I offer a whole chicken, a half chicken, breast of chicken and a humble chicken leg, but no matter how cheaply I sell the legs – and, therefore, no matter how much I charge for the breasts – the latter vastly outsell the former. Despite the likes of Albert Roux, Terence Conran and Simon Hopkinson plumping for the richly flavoured and juicier darker meat, most people still prefer the tender and milky breast.
This leaves me with a lot of chicken legs. There are only so many chicken legs that my staff are prepared to eat and the special chicken and ham pie on the Monday lunch menu makes only small inroads into the chicken leg mountain.

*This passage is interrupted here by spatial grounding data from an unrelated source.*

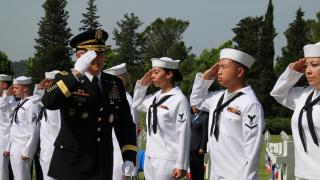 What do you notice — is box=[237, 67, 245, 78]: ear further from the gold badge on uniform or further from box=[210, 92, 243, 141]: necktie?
the gold badge on uniform

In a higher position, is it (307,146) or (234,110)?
(234,110)

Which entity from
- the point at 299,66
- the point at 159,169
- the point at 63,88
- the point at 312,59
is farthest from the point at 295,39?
the point at 63,88

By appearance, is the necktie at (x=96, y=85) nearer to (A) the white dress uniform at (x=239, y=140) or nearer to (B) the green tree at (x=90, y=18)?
(A) the white dress uniform at (x=239, y=140)

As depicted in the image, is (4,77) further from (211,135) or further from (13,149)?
(211,135)

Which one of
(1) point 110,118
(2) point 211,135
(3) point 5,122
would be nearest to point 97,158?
(1) point 110,118

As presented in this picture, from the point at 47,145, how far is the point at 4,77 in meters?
3.90

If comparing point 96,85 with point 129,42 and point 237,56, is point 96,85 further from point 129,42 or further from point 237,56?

Restaurant menus are best not used as a repository for leftovers – customers tend to view such things with a degree of mistrust – so I am reluctant therefore to deploy these unwanted limbs too profusely.
However, at home, roasting a chicken should only be the first stage of the relationship: it is an important rite but one sometimes appreciates the consequent salad, sandwich, risotto or soup even more. To my mind, the breast meat especially tastes better when served cold, wedged between two slices of crusty white bread with a smear of mayonnaise and sprigs of peppery watercress.
Chicken soup is really the apotheosis of the chicken, as a broth or as a luxuriant “cream” soup. The broth takes so many forms it is hard to know where to start. To it can be added pasta (small pieces of durum wheat pasta or billowy ravioli), barley in the best Arnold Wesker tradition, eggs (poached or whisked in a thin stream as in a straciatella) and vegetables, cut in small or large dice, in chunks or in strips. Chicken soup whether in China, eastern Europe, Colombia, France or even Scotland – let us not forget Cock-a-Leekie – is such a basic of almost every national cuisine that its permutations are limitless. The best, however, are made with great care, never being allowed to boil and skimmed assiduously.
A cream of chicken soup used to take a lot of effort. Pulverising cooked chicken in a mortar and then passing the result through a sieve was no easy matter; now, a good food processor will produce a smooth purée in seconds. The combination of easily accessed technology and the mass production of tinned cream of chicken soup are probably both responsible for denting the appetite for something that used to be rather a luxury.
To my mind, though, a simple cream soup is still a joy, its elegance founded in its very simplicity. The fact that it accommodates some of those unwanted legs is, of course, purely incidental.
.....................................
Cream of chicken soup
This recipe assumes that little was left on the chicken – if, in fact, a substantial amount of meat is left, the fresh legs can be dispensed with and the cooking time shortened to half an hour, ie just long enough to completely cook the rice.
Serves four.
Ingredients
2 onions
50g butter
2 chicken legs
1 glass of white wine
2 dessert-spoons rice
1 litre chicken stock
1 sprig of thyme
Salt and pepper
125ml double cream
Method
● Peel and slice the onions finely and stew them in the butter very gently. When they begin to soften, add the chicken legs and let them seal without taking any colour. Add the white wine, rice, the stock and a sprig of thyme and let them all simmer very gently for 45 minutes.
● When the soup is cooked, remove the chicken legs and, when cooled slightly, remove the meat from the bone and any remaining sinew and gristle. Put the meat back into the soup and put all into the bowl of an electric mixer. Blend until the mixture is absolutely smooth. Put the soup back in a pan and bring gently back to a simmer. Add the double cream and then taste for seasoning; it will almost certainly need more salt and perhaps a squeeze of lemon, just to cut the richness of the cream. Serve absolutely plain.